CoNLL-2002 Shared Task: Language-Independent Named Entity Recognition <br>
https://www.clips.uantwerpen.be/conll2002/ner/

In [1]:
import nltk
nltk.download('conll2002')

[nltk_data] Downloading package conll2002 to
[nltk_data]     /Users/chaklam/nltk_data...
[nltk_data]   Package conll2002 is already up-to-date!


True

In [2]:
corpus = nltk.corpus.conll2002.iob_sents()

In [3]:
data = []
for cor in corpus:
    sent, _, tag = list(zip(*cor))  #zip will help split them
    data.append([sent, tag])

In [4]:
print(len(data))
print(data[0])  #B-LOC stands for beginning of a location, I-LOC stands for inner entity

35651
[('Sao', 'Paulo', '(', 'Brasil', ')', ',', '23', 'may', '(', 'EFECOM', ')', '.'), ('B-LOC', 'I-LOC', 'O', 'B-LOC', 'O', 'O', 'O', 'O', 'O', 'B-ORG', 'O', 'O')]


## 2. Tokenization

Since the dataset is already tokenized, our life is easy.  Just skip!

## 3. Numericalization

In [5]:
flatten = lambda l: [item for sublist in l for item in sublist]
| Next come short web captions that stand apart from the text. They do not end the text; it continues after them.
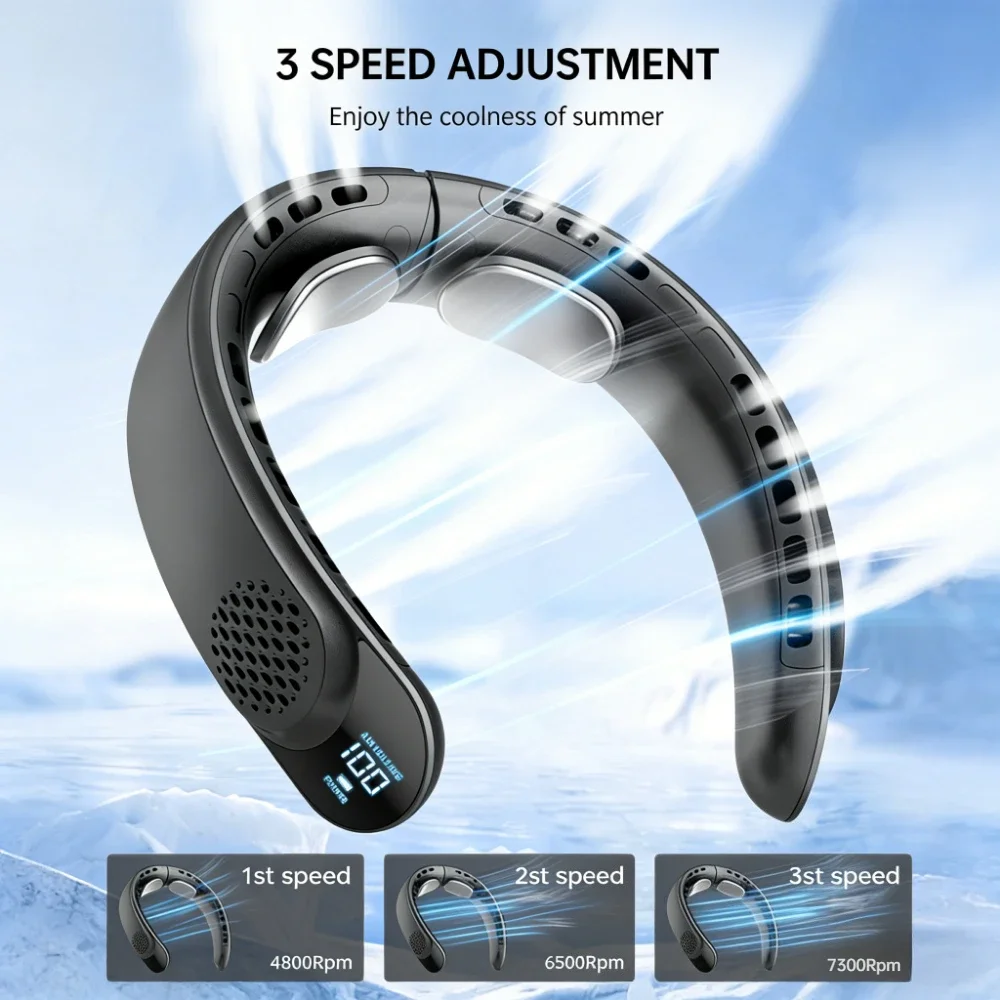 Portable Neck Fan 360° Turbine Air Cooler USB Rechargeable 4000mAh LED Digital Display Strong Wind Silent Hanging Non-blade Fan
Portable Neck Fan 360° Turbine Air Cooler USB Rechargeable 4000mAh LED Digital Display Strong Wind Silent Hanging Non-blade Fan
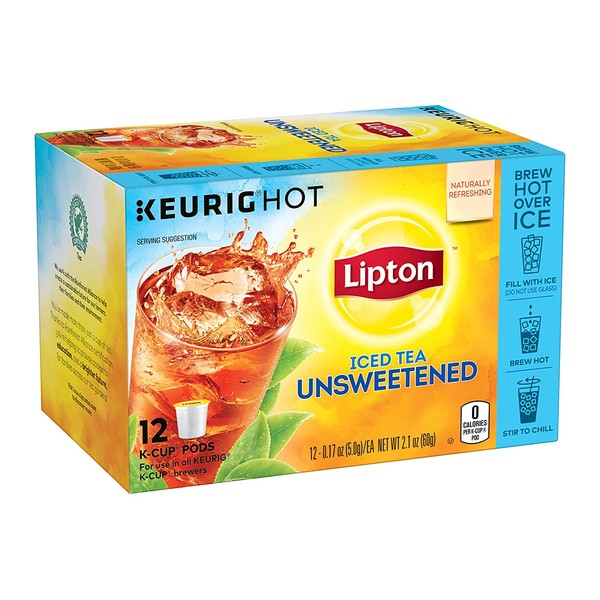 Lipton Iced Tea K-Cups for Keurig Brewers Unsweetened Sugar Free 12 pods 6 count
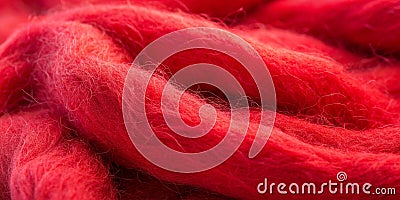 Red felting wool as background closeup view AI Generative Stock Photo
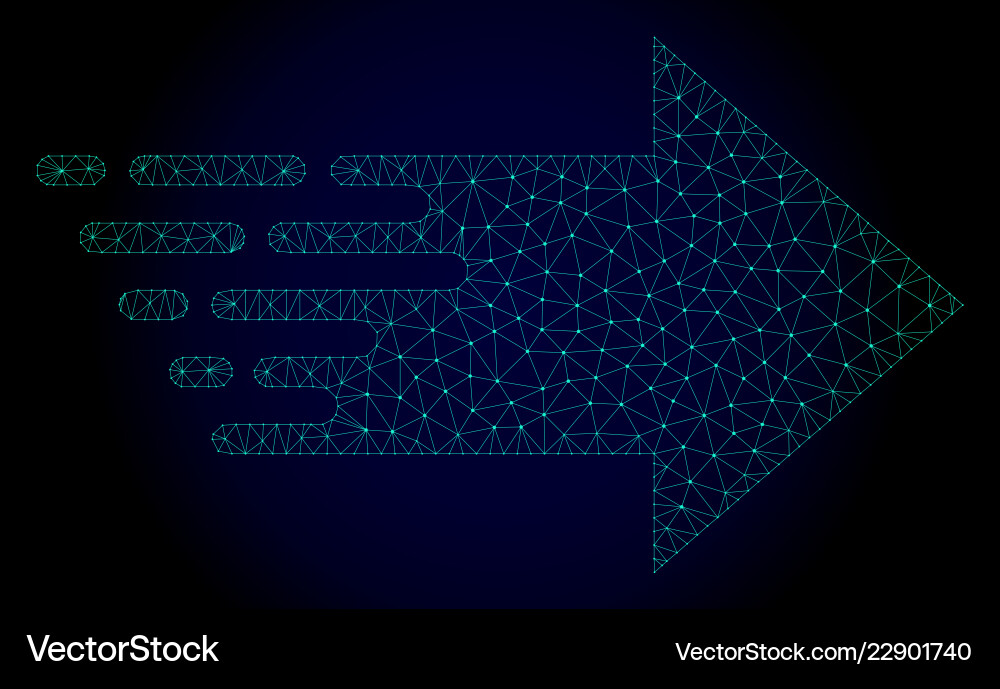 Right arrow polygonal frame mesh with fast Right arrow polygonal frame mesh with fast vector image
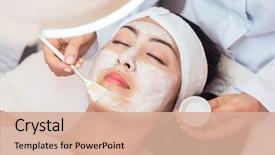  Presentation with gentle - Beautiful presentation theme featuring cosmetics - close-up of the face backdrop and a coral colored foreground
sents,tags = list(zip(*data))
vocab  = list(set(flatten(sents)))
tagset = list(set(flatten(tags)))

In [6]:
vocab[0], tagset[0]

('Grape', 'I-ORG')

In [7]:
len(vocab), len(tagset)

(65459, 9)

In [8]:
tagset

['I-ORG', 'I-PER', 'B-LOC', 'O', 'B-PER', 'I-LOC', 'B-ORG', 'I-MISC', 'B-MISC']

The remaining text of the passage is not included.